Thursday 8 November 2012

Geometry


The circle, such a perfect shape, don't you think? Admittedly it doesn't tesselate, but then maybe that's because it's such a stand-alone shape. Try and tesselate the circle and you'll still end up with an aesthetically very pleasing pattern. Gaze up into that endless and remorseless vacuum that is our universe and almost everything that you're likely to see appears as a circle- the two-dimensional representation of the sphere- and anything that isn't yet will be eventually. The laws of physics have decreed it to be so. The sun, the moon...

We should count ourselves fortunate indeed, then, that it is the 'perfect' Circle that is now charged with bringing certain other forces to bear, upon our NHS. Circle! Who wouldn't want to think of the NHS in such perfect terms?

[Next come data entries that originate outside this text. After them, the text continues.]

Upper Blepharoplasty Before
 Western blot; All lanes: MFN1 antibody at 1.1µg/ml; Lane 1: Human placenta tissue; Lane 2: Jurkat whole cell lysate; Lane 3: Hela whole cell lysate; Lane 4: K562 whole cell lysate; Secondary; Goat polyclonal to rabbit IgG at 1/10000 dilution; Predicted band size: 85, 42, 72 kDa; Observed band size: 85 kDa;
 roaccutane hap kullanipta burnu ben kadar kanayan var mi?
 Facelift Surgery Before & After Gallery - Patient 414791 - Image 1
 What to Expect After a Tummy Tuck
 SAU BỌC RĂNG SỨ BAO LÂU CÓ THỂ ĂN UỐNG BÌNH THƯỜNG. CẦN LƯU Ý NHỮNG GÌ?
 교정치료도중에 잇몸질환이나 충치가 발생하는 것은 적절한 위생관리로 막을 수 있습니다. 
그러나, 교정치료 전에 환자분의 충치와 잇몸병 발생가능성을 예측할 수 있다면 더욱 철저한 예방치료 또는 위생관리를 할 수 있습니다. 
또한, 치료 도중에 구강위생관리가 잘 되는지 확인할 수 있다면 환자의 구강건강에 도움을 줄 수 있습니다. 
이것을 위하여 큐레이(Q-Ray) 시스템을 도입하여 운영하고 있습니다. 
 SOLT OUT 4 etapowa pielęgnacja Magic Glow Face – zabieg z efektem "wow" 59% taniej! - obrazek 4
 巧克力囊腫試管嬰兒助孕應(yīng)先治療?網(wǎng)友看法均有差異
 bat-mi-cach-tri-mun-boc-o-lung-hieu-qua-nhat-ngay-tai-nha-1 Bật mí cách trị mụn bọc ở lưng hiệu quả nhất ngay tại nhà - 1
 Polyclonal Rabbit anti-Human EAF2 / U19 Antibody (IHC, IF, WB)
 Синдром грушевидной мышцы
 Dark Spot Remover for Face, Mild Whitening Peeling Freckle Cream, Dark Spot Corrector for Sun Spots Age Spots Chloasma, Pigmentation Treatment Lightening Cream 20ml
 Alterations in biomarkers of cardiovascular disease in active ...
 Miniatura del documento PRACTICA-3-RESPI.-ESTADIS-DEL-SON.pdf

Type "Circle" into your choice of search engine and you might expect, at the very least, to find images that strive towards such perfect symmetry, sites that allude to something magnificently aspirational.

Beautiful! Thanks Esparta

Alas, the very first site that my search has revealed unashamedly uses the word "corporate" upon its home page. Now my head is corrupted with terms like, "square the circle." Read on and the subterfuge and consequent slide, swiftly away from perfection, will send your head spinning too. Spinning, contradictorily, further from the perfect circle. "Circle" and "corporate" do not sit comfortably together!

Circle have been charged with the 'safe-handling' and 'care' of Hinchingbrooke Hospital in Cambridgeshire. They are aiming to make £300,000,000 in savings during the ten years of their tenure. And if they don't, or should they happen to run up an 'unexpected' overdraft, it's important, isn't it, that nobody 'at the top' should be left out of pocket. 'Happily' there will still be at least a choice few at Hinchingbrooke Hospital who won't yet be needing to watch their backs, or their salaries.

CEO Ali Parsa claims that Circle will be able to break even by 2013. That would be the same Ali Parsa who was Executive Director of Goldman Sachs's European Banking Investment Team.  And that would be the same Goldman Sachs that, last year, paid only £4.1 million in corporate (that ugly word again) taxes, on pre-tax profits of £1.92 billion.

Let's just place those two figures side by side, shall we? Just so that we can better compare the two:
£4,100,000      
£1,920,000,000
That's just over 0.2% in taxes. Yes please! I would imagine that most of us would be happy to sign up to that sort of deal.

Also exquisite, Fillmore Photography

So- still thematically- just to round things off for you, Ali Parsa pocketed £169,000 in 2011; Lord alone knows by just how much this sum will have rocketed in 2012, CEOs generally tending to have developed a convenient immunity to the usual restraints of austerity. Presumably most of this somewhat overgenerous sum will have found its way into the man's overly-copious pockets, via the tax payers. Hinchingbrooke's savings will have to be carefully targeted, so as not to impinge upon Mr Ali's cut.

'Care' of Circle, Hinchingbrooke Hospital is now operating upon something akin to corporate business lines. One can only wonder as to the tax affairs of such a place and those of its board of directors. Will Ali again be able to sort it so that the top brass are to be taxed at 0.2%?

A logo with a circular theme is surely just aching to materialise. Something to do with "cutting corners with the nation's health," I should imagine. Any ideas?